NEW YORK (MainStreet) — The rise in the popularity of exchange-traded funds (ETFs) is occurring, because investors are drawn to their lower fees, liquidity and ease of diversification.
Although ETFs have been around since 1993, their attractiveness has soared in the past few years as more 401(k) and IRA plans are offering them as an option. A decade ago, the total amount of funds in ETFs totaled $200 billion and investors could only chose from a few dozen options, said Wayne Connors, a managing partner of Retirement Investor, a Glastonbury, Conn. company where investors build their own IRA portfolios.
ETFs are an “advantageous way” to invest for retirement, he says, since the fees are much lower than traditional mutual funds and trade like a stock by tracking an index, such as a commodity or a group of assets. Assets in ETFs now exceed $2.0 trillion, and there are over 1,600 ETFs for investors to choose from.
One advantage of ETFs is that you buy a number of shares on an exchange and receive an intra-day market price, which takes place at the moment you place your order, said Jim Rowley, a senior investment analyst in the Vanguard Investment Strategy Group in a blog post. Mutual funds don’t give investors this option and the price you pay for is the net asset value at the end of the day.
Here are some tips on how to purchase them as a way to diversify your portfolio.
Purchasing ETFs Can Take Place Any Time Market Is Open
You can purchase ETFs anytime during the stock market is open, and since they trade on major stock exchanges, their prices will also fluctuate just like a stock.
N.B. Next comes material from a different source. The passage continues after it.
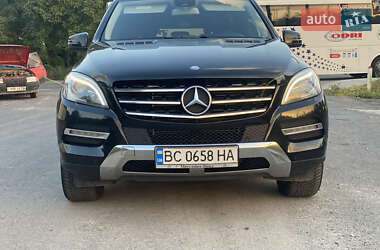 Позашляховик / Кросовер Mercedes-Benz M-Class 2013 в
Think of ETFs as “basically a better form of a mutual fund since they are more liquid and tax efficient,” said Sara Rajo-Miller, a wealth manager of Miracle Mile Advisors, a Los Angeles-based investment firm.
Most mutual funds also have a minimum investment amount of $3,000, whereas you can buy as little as one share of an ETF.
Avoid Trading Them Too Often
Investors should view ETFs like mutual funds and avoid trading them too often. “We use ETFs to build diversified portfolios and often hold them over extended periods of time rather than day trading them,” Rajo-Miller said.
While some companies allow you to trade them for free, others charge a fee, which can easily add up over time.
“Just because you can trade ETFs frequently, doesn’t mean you must trade them frequently,” Rowley said. “ETFs can be used to build low-cost, broadly diversified portfolios—even for strategic, long-term investors.”
Know the Fair Value of the ETF
When you are ready to purchase an ETF, you will see the bid price and an ask price. The bid price is the highest price a potential buyer is willing to pay for the ETF or any security. The ask price is the lowest price a potential seller is willing to agree to or what you could buy it for.
One way to gauge the value of the ETF is to look at the difference between the bid price and ask price, which is known as the bid/ask spread. This can be found on Google or Yahoo Finance, said Matthew Tuttle, CEO of Tuttle Tactical Management in Stamford, Conn.
“If the spread is pretty tight, or no more than $0.06 or so, you can put a limit to sell at the bid or to buy at the ask,” he said. “If the spread is wide, then you would place your order in between. If you have a large order, you want to call your brokerage firm's block trading desk and they can walk you through it.”
When To Purchase or Trade an ETF
Try to avoid trading during the first and last 15 minutes of the trading day, Tuttle recommends. “During the open, it takes market makers a bit to figure out the prices of all the underlying securities in an ETF, so during that time the bid/ask spreads are likely to be wider,” he said. “At the end of the day you can see a lot of order imbalances that can also impact spreads.”
Markets orders are ones that occur if you purchase shares of an ETF when the market is open.
“The prices of ETFs fluctuate, so there is never an exact right price to buy them and it all depends on their valuation metrics,” said Rajo-Miller said.
As soon as you place an order, you will likely receive the current price. It can be tricky if the market is having a volatile day.
“Market orders put you at the mercy of the market and you are better off placing limit orders,” Tuttle said.
A limit order means the purchase of the shares of the ETF only occur if the price of the ETF drops to the one you are seeking. If your limit order is $92 and it trades for $94 that day, then your order will not have executed. If you are unsure of what price to seek, ask your financial advisor.
Limit orders can be an effective way for investors to protect themselves from sudden, drastic price movements that can occur in the market. "Prices can swing very suddenly and sharply momentarily," Connors said.
Buying shares of an ETF at the current market price, known as the ask price is the best option for long-term investors. If you wait for the price to drop a few dollars, the purchase may never get executed.
"ETFs should be viewed as an easy way to buy an index fund," he said. "If you buy one share of an ETF, you're owing thousands of companies."
Some financial advisors recommend that investors shy away from them. Limit orders may be appropriate for certain types of ETFs, but "we generally do not use them," said Rajo-Miller said.